Shuttered shops, empty streets: Gaza conflict severely impacts tourism and economy in the West Bank
The Israel-Hamas war has devastated the Palestinian economy, with the United Nations warning it could set Gaza and the West Bank back by more than a decade.?
BETHLEHEM, West Bank: For 60 years, the Star Street Inn guesthouse in Bethlehem has been essential to the livelihood of Mr Ata Mohsen Serhan and his family.
“This old house, I got it from my father. You can see a good view from here,” he told CNA from the terrace of his business, which overlooks the neighbourhood.
The income from guests staying at the lodging used to help provide for his three daughters and son.
However, the inn, located along one of the oldest commercial streets in the ancient city, has been closed since the war between Israel and Hamas began last month.
“I get money from this guesthouse for my family – food and other things,” he said. “It is not a good life with this war.”
As the conflict rages on, Mr Serhan said he is now considering leaving the tourism industry, and looking for a new job in engineering instead.
The holy city of Bethlehem is believed to be the birthplace of Jesus.
It attracts more than a million tourists every year, particularly during the period leading up to Christmas.
However, events have been cancelled this year due to the war. Religious ceremonies and prayers will still be observed, but there will be no festive lights or celebrations.
Local authorities announced last week that they were dismantling Christmas trees and decorations installed several years ago, including in Manger Square in the heart of the city, where some of the biggest festivities typically take place.
Since the conflict, tourists have fled, and intensive restrictions have brought businesses in the area to a standstill.
With less than two months until Christmas, rows of shops are now shuttered along quiet and empty streets.
Those that remain open said they are struggling to stay afloat due to a lack of visitors.
Mr Khalil Salahat, the owner of Old Cave souvenir shop, said firms that depend heavily on tourism – like his – make most of their revenue during this festive period.
“We are in November now – the season time before Christmas. All the good Christian people, they come during this time to Bethlehem. We wait all year for these two months,” he told CNA.
“But now we have no tourists. Zero. We have nobody here. This has hurt our businesses and our lives.”
Palestinian tour guides said their industry has been struggling since the Israeli occupation of the West Bank in 1967, but the current war is exacerbating their struggles.
On Oct 7, Hamas militants launched a surprise cross-border attack on Israel, killing more than 1,400 people and capturing about 240 others as hostages.
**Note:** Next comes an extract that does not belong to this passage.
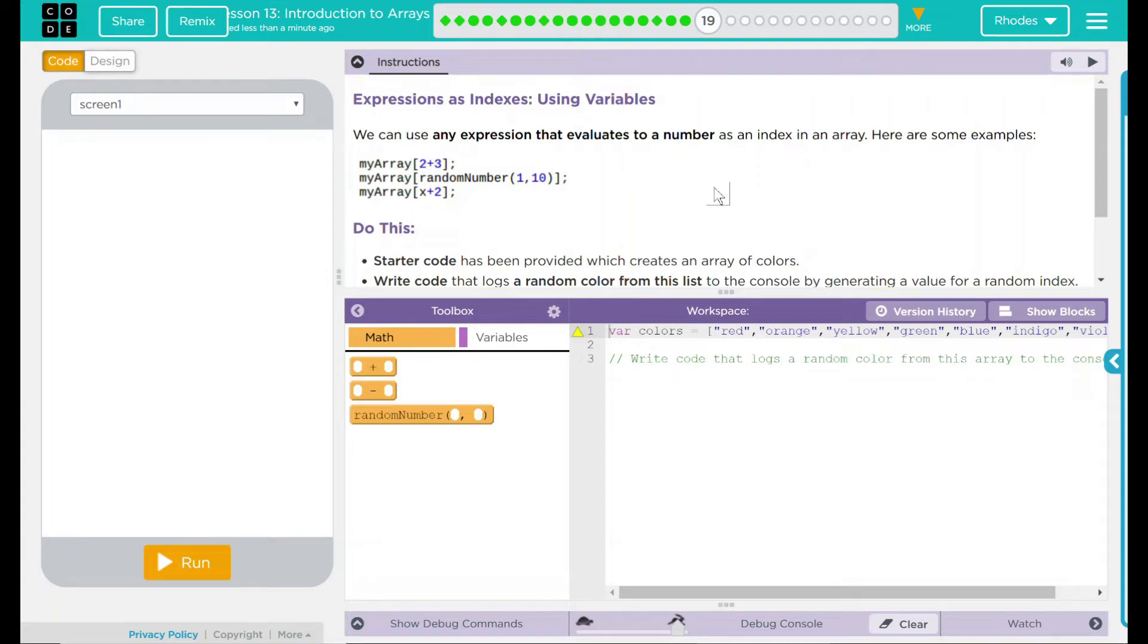Hey kids, welcome to lesson 13, Introduction to Arrays, number 14, Expressions as Indexes Using Variables.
Since then, Israel has retaliated with an offensive into the Gaza Strip, with an aim to wipe out the militant group. Gaza's Hamas-run government said at least 13,000 Palestinians have been killed.
In the West Bank, Israeli forces have also carried out raids against militants.
The conflict has heavily impacted the Palestinian economy, with the United Nations warning it could set Gaza and the West Bank back by more than a decade.?
A UN Development Programme report assessing the economic consequences of the war showed the territories’ gross domestic product (GDP) suffered 4.2 per cent in the first month of conflict.
It projects that the Palestinian economy is set to drop 8.4 per cent – a loss of US$1.7 billion – in the next month, thrusting nearly half a million more people into poverty.
Some 390,000 Palestinians have lost their jobs since the war began, according to UN agency the International Labour Organization.
This includes people from Gaza who work in the construction industry in Israel, whose work permits were cancelled following the attack by Hamas.?
“There is no future to look forward to anymore. For us, the future has ended because of the war,” Gaza resident Hazem Abu Mghanam told CNA.
Within the West Bank, some have found it difficult to get to work due to restrictions of movement, blocked roads and extra checkpoints affecting people’s daily commutes.
The UN warns that economic devastation will further worsen the already-dire humanitarian situation and make recovery prospects challenging and slow.